Few truly believe Musk is concerned about Twitter’s spam disclosures — this is an attempt to get Twitter to agree to a lower price, after stocks were slammed in the first half of this year and made an overpriced deal look even more expensive. Musk clearly had a good case of buyer’s remorse over the hefty price he offered for Twitter, as the overall price of Tesla Inc.
— which makes up a huge portion of his fortune — declined in the overall market downdraft.
Potentially realizing that the bot issue is a likely loser, Musk and his lawyers took a couple more swings in the letter. They claim that Twitter made staffing changes without Musk’s approval and said that he is “examining the company’s recent financial performance and revised outlook, and is considering whether the company’s declining business prospects and financial outlook” could lead to an out.
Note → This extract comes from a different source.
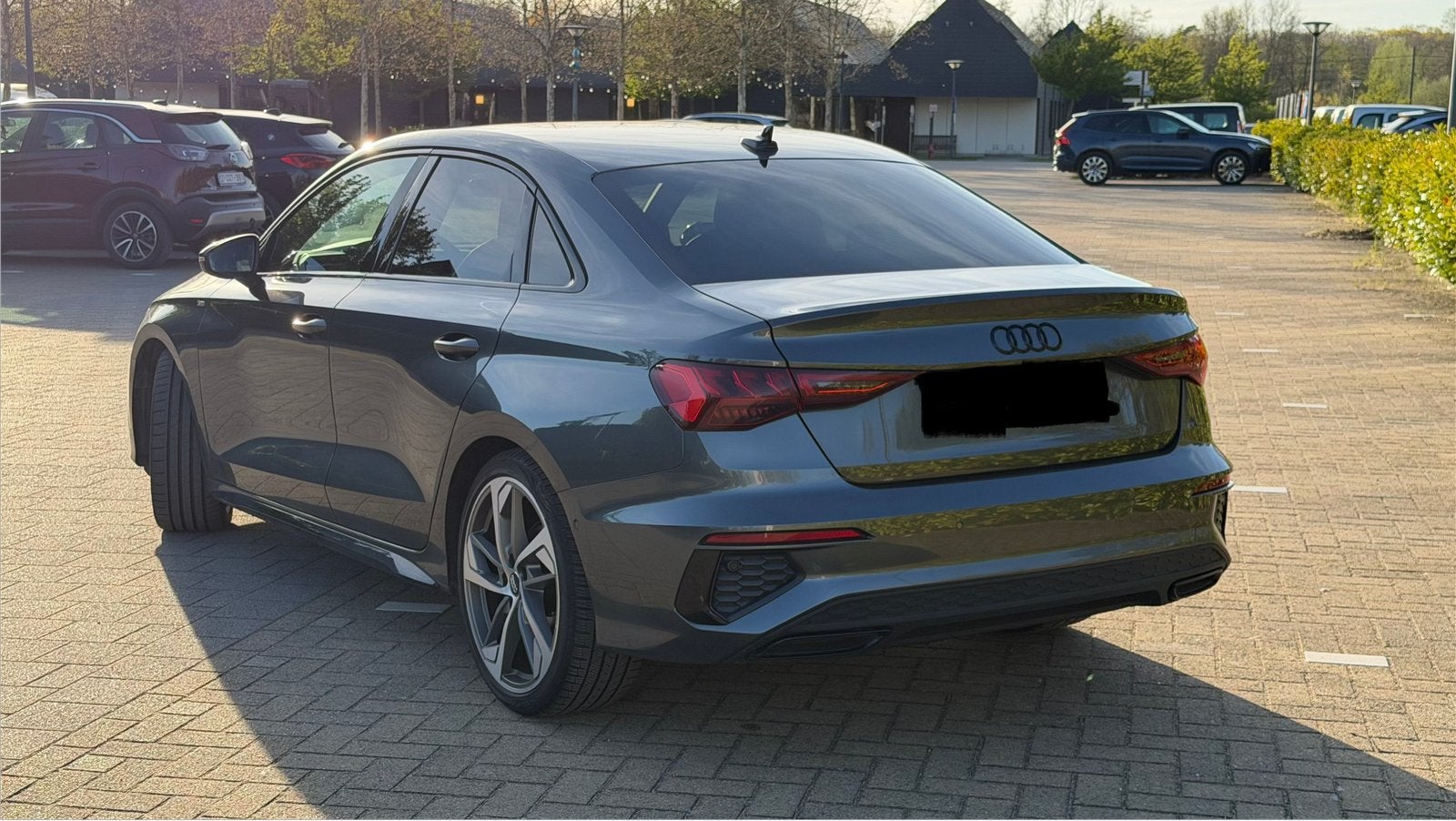 Audi A3 Sedan 35 TFSI S-tronic FULL OPTION Matrix/B&O/HUD, Automaat, 1498 cc, Particulier, A3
Diamond, who teaches on business law, securities law, corporate finance and corporate governance, said those arguments — that an acquisition target has had a dramatic change in its business since the merger agreement was signed — is not a likely winner in the court where the trial is likely to be held.
“Delaware is very skeptical of these kinds of arguments, they rarely succeed if ever,” he said.
One way out of this for Musk and Twitter is to strike a deal at a lower price, but that is unlikely to happen before they get to court. It is more likely, Diamond said, that they reach a deal after Twitter proves its case.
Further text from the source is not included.